Calla de nuevo, por las risotadas de la muchacha. En otra mesa, a voz en cuello, un señor imparte instrucciones: llenar bañeras, lavatorios, baldes, barriles, ponerlos en todos los cuartos y rincones, aunque sea de agua de mar. Si los rojos entran, los Estados Unidos bombardearán y más graves que las bombas serán los incendios. Ésa es la prioridad, créanme: agua a la mano para apagar el fuego ahí mismo estalle.

—Pero, pese a sonar fantástico, era verdad —sigue Blacquer—. Todo era verdad. Les sobraban fusiles. El Subteniente había hecho desaparecer unas armas, de una armería del Ejército, aquí en Lima. Las tenía escondidas en alguna parte. ¿Sabes que le regaló una metralleta a Mayta, no? Era de ese botín, por lo visto.
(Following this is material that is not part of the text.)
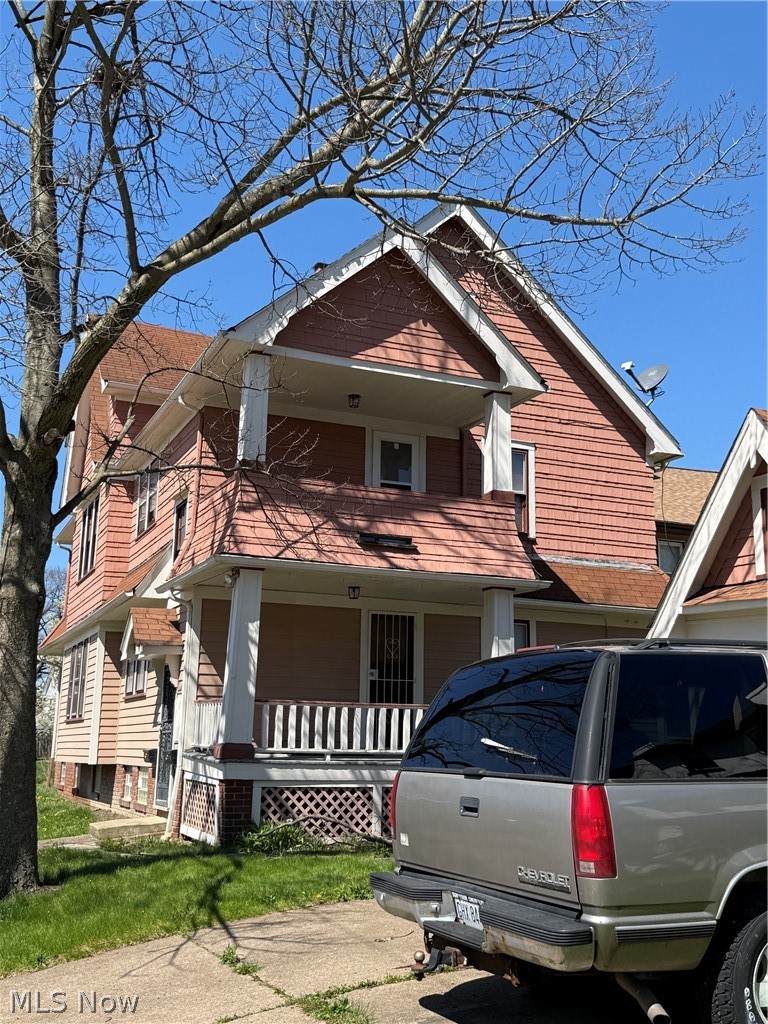 4515 E 126th Street Garfield Heights OH 44105
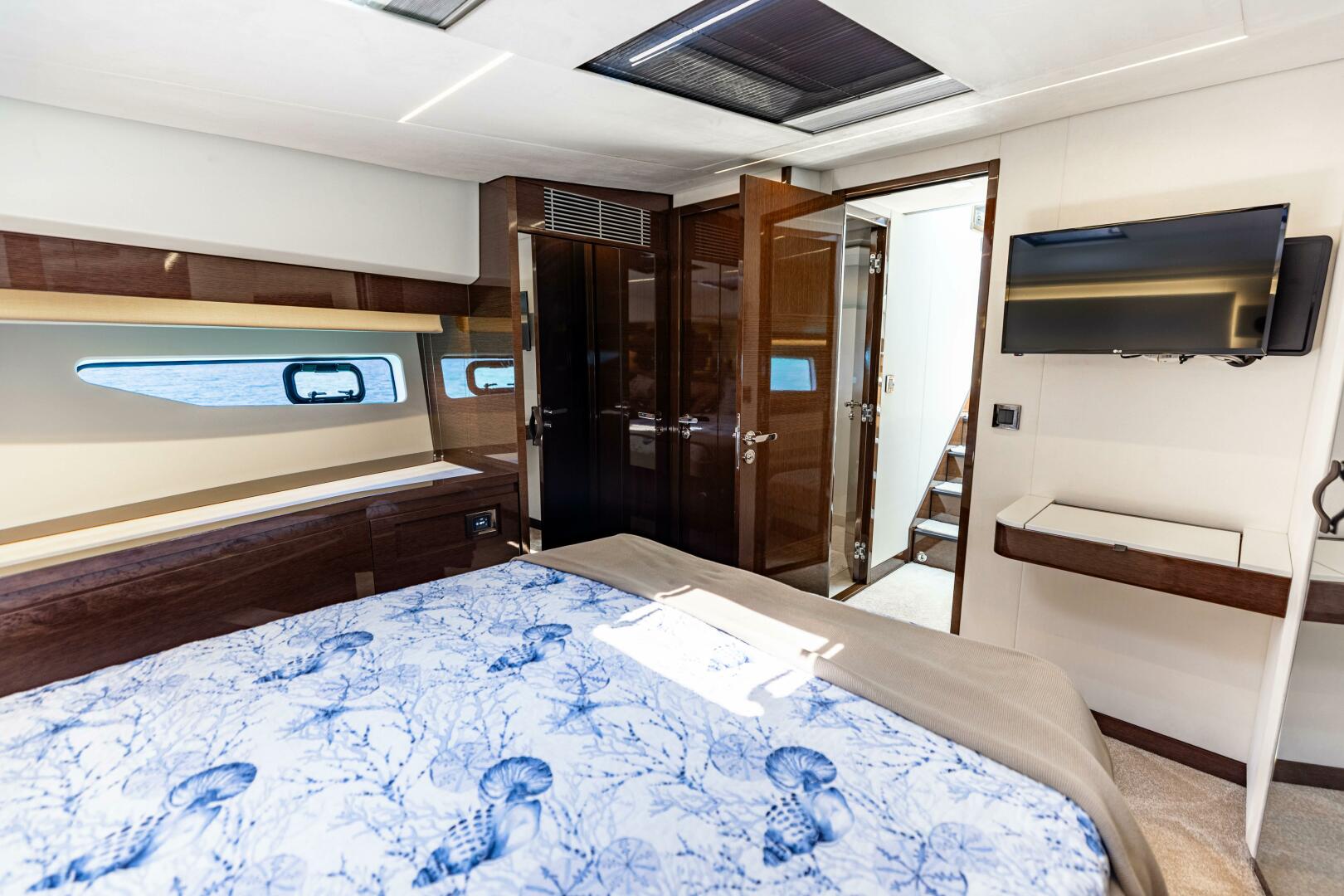 2019 Prestige 590 Fly 'New Heart' - VIP Guest Stateroom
La idea de alzarse debía ser una obsesión que perseguía a Vallejos desde cadete. No estaba loco, su propuesta era sincera. Estúpida pero sincera.

Un simulacro de sonrisa desnuda sus dientes manchados. Con un gesto brusco aparta a un chiquillo que trata de limpiarle los zapatos:

—No tenían a quién dárselos, les faltaban manos para esos fusiles —se burla.

—¿Cuál fue la reacción del Partido?

—Nadie le dio importancia, nadie creyó una palabra. Ni lo de los fusiles, ni lo de la guerrilla. En el verano de 1958, meses antes de que los barbudos entraran a La Habana ¿quién iba a creer en esas cosas? El Partido reaccionó como era lógico. Hay que cortar por lo sano con ese trosco que algún chanchullo se trae entre manos. Y, por supuesto, corté.

Una señora acusa al señor de los baldes de agua de ignorante. ¡Contra las bombas no hay más que encomendarse a Dios! ¡Baldes de agua contra el bombardeo! ¿Creía que la guerra eran los Carnavales, pobre cojudo? «Lamento que no sea hombre, para poder romperle la jeta», ruge el señor, y el acompañante de la señora tercia con galantería: «Yo lo soy, rómpamela». Parece que van a trompearse.

—Trampa o locura o lo que sea, no queremos saber más del asunto —citó Blacquer—. Y tampoco verte.